**Given data**
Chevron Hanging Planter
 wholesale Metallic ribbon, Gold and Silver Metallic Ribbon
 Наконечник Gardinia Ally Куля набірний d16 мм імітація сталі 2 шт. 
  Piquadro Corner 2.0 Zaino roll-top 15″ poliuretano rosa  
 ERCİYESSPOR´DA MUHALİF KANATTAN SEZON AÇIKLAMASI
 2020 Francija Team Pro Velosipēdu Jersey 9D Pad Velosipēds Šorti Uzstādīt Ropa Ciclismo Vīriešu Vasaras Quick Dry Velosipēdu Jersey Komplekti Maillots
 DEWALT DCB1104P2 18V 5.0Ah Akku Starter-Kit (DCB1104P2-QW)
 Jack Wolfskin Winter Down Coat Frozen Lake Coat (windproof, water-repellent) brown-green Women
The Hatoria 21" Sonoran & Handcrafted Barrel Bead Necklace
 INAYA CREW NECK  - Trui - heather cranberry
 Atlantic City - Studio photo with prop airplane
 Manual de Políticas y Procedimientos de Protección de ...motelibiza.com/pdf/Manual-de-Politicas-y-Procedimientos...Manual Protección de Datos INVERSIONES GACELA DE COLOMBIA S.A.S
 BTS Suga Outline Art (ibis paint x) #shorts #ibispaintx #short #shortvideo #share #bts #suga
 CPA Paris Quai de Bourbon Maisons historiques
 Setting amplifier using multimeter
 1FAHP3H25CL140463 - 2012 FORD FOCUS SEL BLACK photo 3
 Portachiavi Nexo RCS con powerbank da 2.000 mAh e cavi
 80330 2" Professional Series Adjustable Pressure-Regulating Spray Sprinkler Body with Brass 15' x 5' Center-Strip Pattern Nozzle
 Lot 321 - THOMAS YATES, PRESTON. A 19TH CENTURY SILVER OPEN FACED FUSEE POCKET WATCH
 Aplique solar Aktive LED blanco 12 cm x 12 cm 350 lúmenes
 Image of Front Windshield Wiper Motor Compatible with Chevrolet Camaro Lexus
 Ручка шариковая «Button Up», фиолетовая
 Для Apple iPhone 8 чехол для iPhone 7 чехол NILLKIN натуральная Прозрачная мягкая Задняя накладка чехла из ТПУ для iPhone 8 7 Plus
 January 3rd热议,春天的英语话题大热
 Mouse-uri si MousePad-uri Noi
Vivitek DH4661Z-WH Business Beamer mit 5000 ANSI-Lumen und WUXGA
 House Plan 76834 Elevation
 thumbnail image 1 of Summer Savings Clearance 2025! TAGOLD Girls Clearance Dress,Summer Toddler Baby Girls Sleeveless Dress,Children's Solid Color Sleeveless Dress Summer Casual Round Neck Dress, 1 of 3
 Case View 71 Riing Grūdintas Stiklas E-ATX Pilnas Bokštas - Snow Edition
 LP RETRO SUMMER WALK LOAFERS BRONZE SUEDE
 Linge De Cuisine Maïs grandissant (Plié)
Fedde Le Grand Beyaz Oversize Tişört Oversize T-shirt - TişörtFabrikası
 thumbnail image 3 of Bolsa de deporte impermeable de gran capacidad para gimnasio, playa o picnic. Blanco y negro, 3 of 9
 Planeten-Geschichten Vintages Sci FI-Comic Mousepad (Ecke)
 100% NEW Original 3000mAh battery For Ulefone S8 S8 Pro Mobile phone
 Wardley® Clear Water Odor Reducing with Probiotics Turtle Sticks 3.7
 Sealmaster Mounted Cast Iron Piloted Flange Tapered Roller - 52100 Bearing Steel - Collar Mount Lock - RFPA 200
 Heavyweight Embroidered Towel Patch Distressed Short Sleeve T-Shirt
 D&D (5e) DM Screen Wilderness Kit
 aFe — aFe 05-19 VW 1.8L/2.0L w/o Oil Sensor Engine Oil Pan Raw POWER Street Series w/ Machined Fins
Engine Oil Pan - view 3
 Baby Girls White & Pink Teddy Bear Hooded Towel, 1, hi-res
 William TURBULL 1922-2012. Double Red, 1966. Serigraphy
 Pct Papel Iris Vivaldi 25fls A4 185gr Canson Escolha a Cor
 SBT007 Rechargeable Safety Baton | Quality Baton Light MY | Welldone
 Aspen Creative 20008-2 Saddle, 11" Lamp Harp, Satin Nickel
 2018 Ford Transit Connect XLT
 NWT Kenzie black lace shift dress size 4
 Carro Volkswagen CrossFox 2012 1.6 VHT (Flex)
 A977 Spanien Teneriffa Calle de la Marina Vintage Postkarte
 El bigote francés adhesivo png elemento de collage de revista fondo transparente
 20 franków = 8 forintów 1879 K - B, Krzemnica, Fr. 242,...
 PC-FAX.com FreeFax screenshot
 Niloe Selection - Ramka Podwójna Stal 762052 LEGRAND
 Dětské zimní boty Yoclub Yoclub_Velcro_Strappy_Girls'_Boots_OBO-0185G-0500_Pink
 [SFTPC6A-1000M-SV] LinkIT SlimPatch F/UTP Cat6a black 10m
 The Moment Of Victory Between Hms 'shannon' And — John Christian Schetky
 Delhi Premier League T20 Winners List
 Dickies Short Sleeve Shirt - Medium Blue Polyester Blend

**Exercise aim**
Show each line of the material that includes the word "thumbnail".

**Output for this exercise**
 thumbnail image 1 of Summer Savings Clearance 2025! TAGOLD Girls Clearance Dress,Summer Toddler Baby Girls Sleeveless Dress,Children's Solid Color Sleeveless Dress Summer Casual Round Neck Dress, 1 of 3
 thumbnail image 3 of Bolsa de deporte impermeable de gran capacidad para gimnasio, playa o picnic. Blanco y negro, 3 of 9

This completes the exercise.